Second, O’Donnell couldn’t possibly have shown Mrs. Kennedy the original or even a copy of the 8mm [not 16mm] Zapruder film during the time period he claimed without anyone knowing about it – specifically TIME-Life, Inc., which owned the original and jealously guarded it, and the Warren Commission which didn’t begin to study the film until late January 1964. The whole idea of a private showing, especially one in which the only person besides Mrs. Kennedy in attendance was O’Donnell, is preposterous. Further, O’Donnell’s claim that Mrs. Kennedy recalled retrieving pieces of the president’s skull from the trunk lid of the limousine flies in the face of Mrs. Kennedy’s own testimony to the Warren Commission that she didn’t recall climbing on the trunk at all, let alone why she was there, and that looking at images of her doing so was like looking at another woman.

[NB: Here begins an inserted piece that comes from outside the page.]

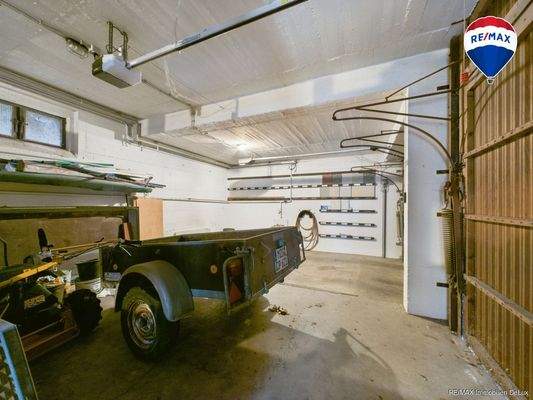 RE/MAX Immobilien DeLux Wohn-Geschäftshaus Merzig Garage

While the facts surrounding O’Donnell’s claims could have been easily checked, the ARRB’s Jeremy Gunn only noted that “Mr. O’Donnell’s memory was uneven” and that while he had difficultly remembering the names of Presidents, and gave a different timing on when Knudsen showed him the Kennedy’s post-mortem photographs (the first time he said he saw them within a week of the assassination; the second time he said it was within a month), Gunn nevertheless concluded – as if to save O’Donnell’s credibility: “On the other hand, [O’Donnell] appeared to remember with apparent precision some events from the 1940s through the 1960s.”

Scheez. Is this how conspiracy theorists get to the truth of the matter? You bet it is, and has been for the better part of four decades. And you can also wager that the conspiracy crowd will continue to play these kinds of shell games with the true facts as long as they can – just as they have with the testimony of the late Joe O’Donnell. Count on it.